Saat itu kabarnya Jiwasraya ikut-ikutan dalam permainan bandar besar macam Benny Tjokro (Bentjok). Singkat cerita imperium bisnis goreng menggoreng saham oleh Bentjok dan konco-konconya akhirnya ambrol dan dia masuk penjara. Waktu itu terkait pula dengan kasus Asabri. Ya Bentjok akhirnya masuk penjara, penjara seumur hidup.

Goreng-menggorang saham atau istilahnya “cornering” dalam perdagangan saham bukan hal baru. Para pemain atau ‘investor’ di bursa saham sudah paham akan hal itu. Pergerakan harga saham akan menjadi tidak ‘natural’, akibat dari ada rekayasa. Ada unsur manipulatif memang.

Cornering adalah tindakan transaksi yang dilakukan satu pihak atau lebih untuk menurunkan harga atau menaikkan harga sampai harga yang diinginkan. Ada upaya rekayasa disitu.

Di bursa yang besar seperti New York Stock Exchange (NYSE) akan sangat sulit (hampir tidak mungkin) melakukan cornering pasar. Lantaran size atau ukuran pasar (kapitalisasi) yang terlalu besar dan diversifikasi sahamnya yang tersebar.

Namun di bursa yang relatif kecil seperti IDX (Indonesia Stock Exchange) bukanlah hal yang mustahil untuk praktek menggoreng saham demi menggarong duit dengan cara yang seolah prosedural. Atau paling tidak tampilannya halal, walau esensinya haram.

Tinggal tanya saja pada para pemain saham di IDX. Sepertinya semua sudah tahu sama tahu, siapa-siapa saja pemain yang suka goreng-menggoreng ini. Sudah rahasia umum.

Secara prosedural cornering ini memang nampak sah, sesuai aturan.
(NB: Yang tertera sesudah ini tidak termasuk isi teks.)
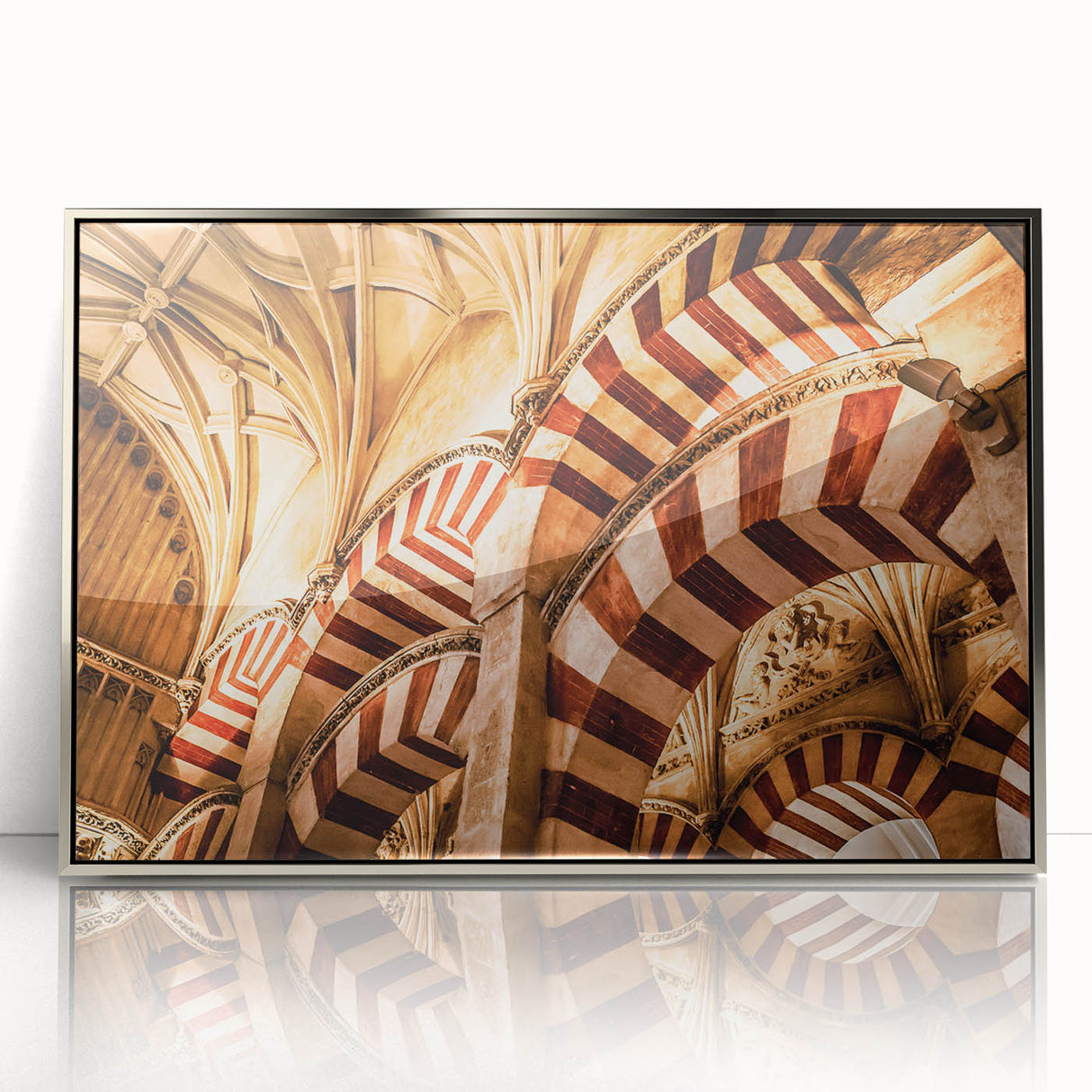 Mid-century modernist art of a Central American landscape in muted earth tones, framed in silver acrylic.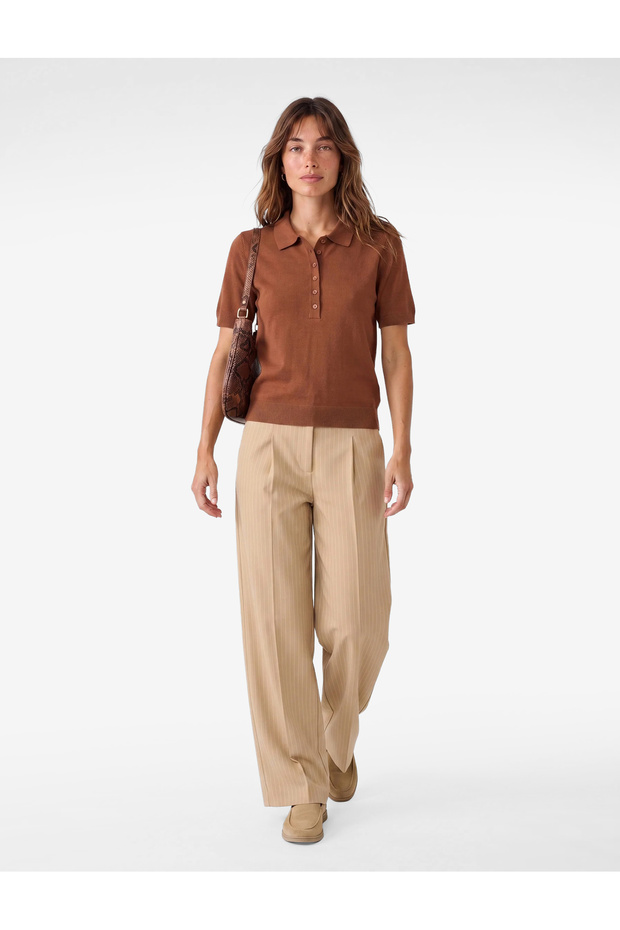 Viscose Buttoned Short Sleeve Polo Collar Knitwear T-Shirt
Namun, jika kita mengacu UU Nomor 8 Tahun 1995 tentang Pasar Modal, Pasal 92 disebutkan: “Setiap Pihak, baik sendiri-sendiri maupun bersama-sama dengan Pihak lain, dilarang melakukan 2 (dua) transaksi Efek atau lebih, baik langsung maupun tidak langsung, sehingga menyebabkan harga Efek di Bursa Efek tetap, naik, atau turun dengan tujuan mempengaruhi Pihak lain untuk membeli, menjual, atau menahan Efek.”